In keeping with the theme of advanced technology, J. Makhoul and R. Schwartz report on the "State of the Art in Continuous Speech Recognition." They give a phonetic and phonological description of speech and show how that structure is captured by a mathematical object called a hidden Markov model (HMM). This discussion includes a brief account of the history of the HMM and its application in speech recognition. Also included in the paper are discussions of extracting features from the speech waveform, measuring the performance of the system and the possibility of using the newer methods based on artificial neural networks.
Makhoul and Schwartz conclude that, as a result of the advances made in model accuracy, algorithms, and the power of computers, a "paradigm shift" has occurred in the sense that high-accuracy, real-time, speaker-independent, continuous speech recognition for medium-sized vocabularies can be implemented in software running on commercially available workstations. This assertion provoked an important and lively debate that I shall recount later in this paper. The HMM methodology allows us to cast the speech recognition problem as that of searching for the best path through a weighted, directed graph. The paper by F. Jelinek addresses two central and specific technical issues arising from this representation. First, how does one estimate the parameters of the model (i.e., weights of the graph) from data? This is usually referred to as the training problem. Second, given an optimal model, how does one use it in the recognition task? This second problem can be cast as a combinatorial search problem to which Jelinek outlines several solutions with emphasis on a dynamic programming approach known as the Viterbi algorithm.

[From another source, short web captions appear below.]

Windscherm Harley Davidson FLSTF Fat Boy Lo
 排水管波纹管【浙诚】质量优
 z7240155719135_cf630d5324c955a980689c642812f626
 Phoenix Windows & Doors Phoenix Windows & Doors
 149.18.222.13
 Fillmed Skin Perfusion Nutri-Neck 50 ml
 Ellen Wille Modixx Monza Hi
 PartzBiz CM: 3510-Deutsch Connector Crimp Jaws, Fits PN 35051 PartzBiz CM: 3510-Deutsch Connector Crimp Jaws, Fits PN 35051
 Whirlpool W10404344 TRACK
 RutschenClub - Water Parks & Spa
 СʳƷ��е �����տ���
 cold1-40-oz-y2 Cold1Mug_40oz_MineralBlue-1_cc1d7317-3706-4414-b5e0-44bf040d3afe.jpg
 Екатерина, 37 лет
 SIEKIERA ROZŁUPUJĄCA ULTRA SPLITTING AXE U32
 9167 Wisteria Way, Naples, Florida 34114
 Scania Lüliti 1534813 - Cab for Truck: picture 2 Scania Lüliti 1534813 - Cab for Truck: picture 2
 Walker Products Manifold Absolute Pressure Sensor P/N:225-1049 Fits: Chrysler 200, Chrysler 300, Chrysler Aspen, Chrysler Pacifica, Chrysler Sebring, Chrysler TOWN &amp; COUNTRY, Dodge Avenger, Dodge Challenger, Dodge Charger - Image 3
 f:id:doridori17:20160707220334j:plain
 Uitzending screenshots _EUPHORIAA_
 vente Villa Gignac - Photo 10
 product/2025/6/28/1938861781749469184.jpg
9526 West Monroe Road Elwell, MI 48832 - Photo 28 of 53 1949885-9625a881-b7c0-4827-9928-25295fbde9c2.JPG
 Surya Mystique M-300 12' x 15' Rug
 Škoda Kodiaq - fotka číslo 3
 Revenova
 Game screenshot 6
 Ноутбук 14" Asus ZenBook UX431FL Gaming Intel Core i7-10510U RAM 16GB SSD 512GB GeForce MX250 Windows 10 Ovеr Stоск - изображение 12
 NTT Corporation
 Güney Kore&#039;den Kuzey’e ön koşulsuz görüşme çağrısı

There is no need to review these papers in more detail here since they appear in their entirety in this volume. What does deserve discussion here are the scientific, technological, and commercial implications of these papers. These issues formed the core of the debate that ensued at the colloquium after these two excellent and comprehensive papers were presented.
I opened the discussion at the colloquium by asking the speakers to evaluate the state of the art of their most advanced laboratory prototype systems with respect to human performance in communication by spoken language. I raised this question because I think the ultimate goal of research in speech recognition is to provide a means whereby people can carry on spoken conversations with machines in the same effortless manner in which they speak to each other. As I
noted earlier, the purpose of this paper is to evaluate the highest expression of such research. Thus, while it may be comfortable to discuss progress in incremental terms, it is more instructive to evaluate our best efforts with respect to our ultimate goals.
My question turned out to be a provocative one on which opinion was sharply divided. Both speakers and a substantial number of participants vigorously supported the following propositions:
• The performance of today's best experimental systems is only an order of magnitude in error rate away from a level that compares favorably with human performance.
• When experimental systems do achieve human-like performance, their structure and methods will be strongly reminiscent of present systems.
• Today's advanced technology is commercially viable.
These and even more strongly optimistic sentiments have been expressed by Oberteuffer (1993).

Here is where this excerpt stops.